AIM OF THE TASK:
Output must consist only of the lines of the material below from the one with "fini camel ball" through the one with "Rose City Veterinary Hospital", each reproduced exactly; no pictures belong in it.

INFORMATION:
- - - -
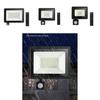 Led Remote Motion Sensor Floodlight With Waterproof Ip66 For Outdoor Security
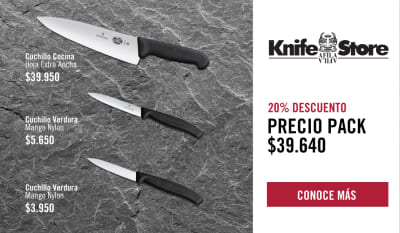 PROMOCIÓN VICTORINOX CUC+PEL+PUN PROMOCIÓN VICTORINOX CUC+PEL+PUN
- - - -
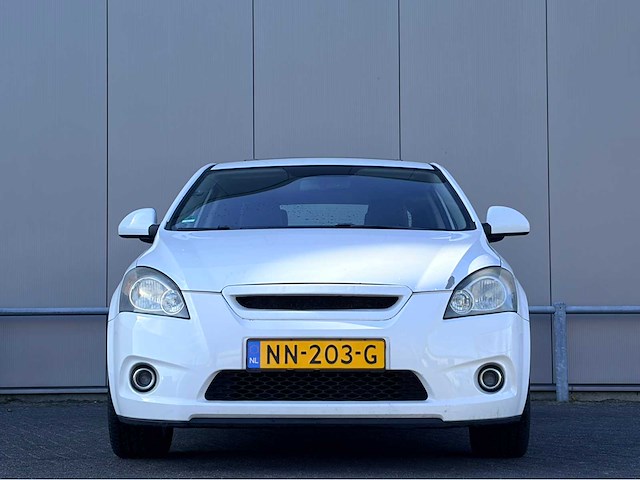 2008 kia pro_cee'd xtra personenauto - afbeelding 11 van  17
- - - -
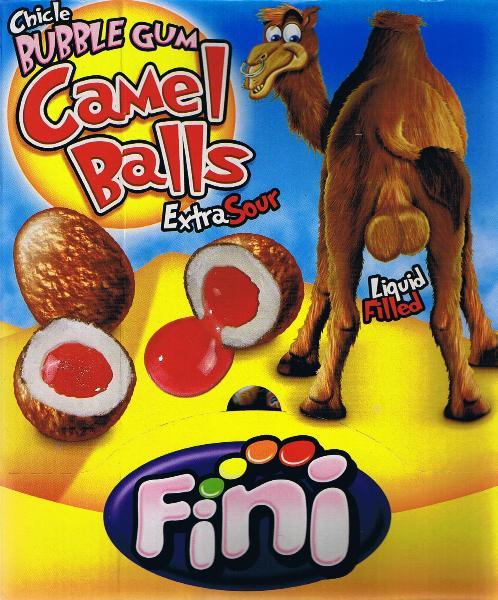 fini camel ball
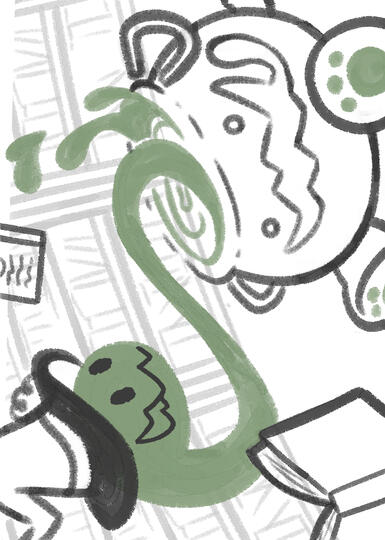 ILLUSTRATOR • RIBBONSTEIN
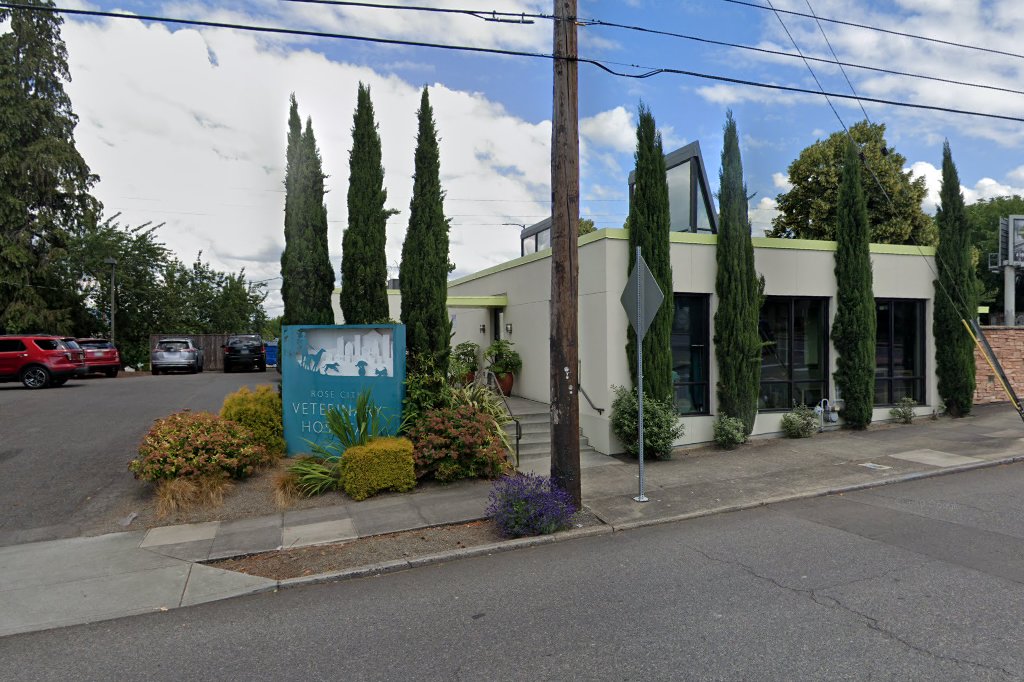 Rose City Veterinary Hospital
- - - -
EXERCISE ANSWER:
 fini camel ball
 ILLUSTRATOR • RIBBONSTEIN
 Rose City Veterinary Hospital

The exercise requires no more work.